Magnum, headquartered in Corpus Christi, TX, is the No. 2 global manufacturer of dissolvable fracture plug technology used in downhole completions, with 100% of its revenue levered to completion tools.
The deal would give Nine a “first-mover advantage” in the growing dissolvable plug market, said Nine CEO Ann G. Fox. The merger would allow Nine to service the “entire addressable” North American plug market, which has grown significantly because of longer lateral lengths, more fracture stage counts and multi-well pads.
“We could not be more thrilled to partner with Magnum,” Fox told investors. “At Nine, we constantly focus on adding differentiated technology to our portfolio of completion tools to enable operators to more reliably and effectively complete the horizontal wellbores of tomorrow.
“The evolution of technology in the oilfield demands a team with a demonstrated track record and ability to transform their offerings and think forward. This particular team is exceptional.”
Magnum “will propel Nine to a more balanced profile of completion tools, creating excellent barriers to entry while simultaneously building a business that is less labor and less capital intensive and more free cash flow generative.”
The merger also would allow Nine to “navigate a very difficult labor market,” and support its approach to “blending capital intensity, helping us provide more sustainable through-cycle returns for our shareholders.”
Magnum CEO Lynn Frazier, who founded the company in 1985, said the combination “made sense as we looked for the right partner with alignment in our culture and priorities.”
Under terms of the transaction, Nine agreed to pay $493 million using a combination of $334 million in cash and five million shares of common stock valued at around $159 million. Terms also include the “potential for additional future contingent payments.” Magnum has no debt.
Pro forma, Magnum would own 17% of Nine. Once merged, 65% of the revenue mix would be for completions services, with 26% for completion tools and 9% for production services.
“Nine’s completion tools business is the most attractive, highest returning portion of the company’s business mix recently driving outsized earnings growth (versus U.S. onshore activity), but it’s been a relatively small portion of the company’s revenue stream (10-15%),” noted Tudor, Pickering, Holt & Co. The deal with Magnum would change that, analysts said.
Nine’s “hunger” to take part in the merger and acquisition market “has been well telegraphed, so we’re not surprised to see them announce a deal.”
Following the merger announcement, Moody’s Investors Service assigned to Nine a “B2” Corporate Family Rating (CFR) and “B2-PD” Probability of Default Rating. It also assigned a Speculative Grade Liquidity (SGL) rating of SGL-2. The rating outlook is “stable.”

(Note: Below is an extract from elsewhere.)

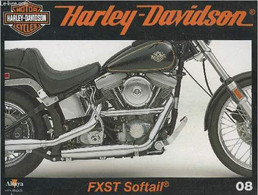 Fascicule Harley-Davidson Motor Cycles N°08-Sommaire: FXST Softail: Une Nouvelle Moto Avec Des élément Rétro- Caractéris - Motorfietsen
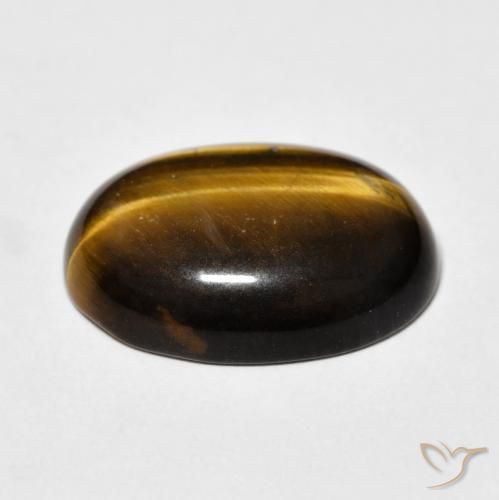 9,17 ctw natürlicher Medium Dark-Brown Tigerauge, Oval, Lichtundurchlässig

“Nine’s B2 CFR reflects a competitive market position in a highly cyclical industry,” Moody’s credit ratings analysts said. “The company benefits from scale for its core services, but the oilfield services industry is highly competitive and includes some significantly larger companies that have greater financial resources and product diversity,” including No. 1 North American completions specialist Halliburton Co. and global leader Schlumberger Ltd.
Moody’s expects Nine will continue to benefit from increased demand by exploration and production companies over the next 12 months, “albeit at a more modest pace of growth. Higher oil prices have driven increased activity levels and enabled Nine to increase prices.”
However, there is risk that labor shortages “could constrain the pace of profit margin improvement and/or revenue growth,” according to Moody’s.
J.P. Morgan Securities LLC acted as Nine’s financial adviser while Kirkland & Ellis LLP acted as legal counsel. Magnum’s financial adviser was FMI, while Porter Hedges LLP acted as legal counsel.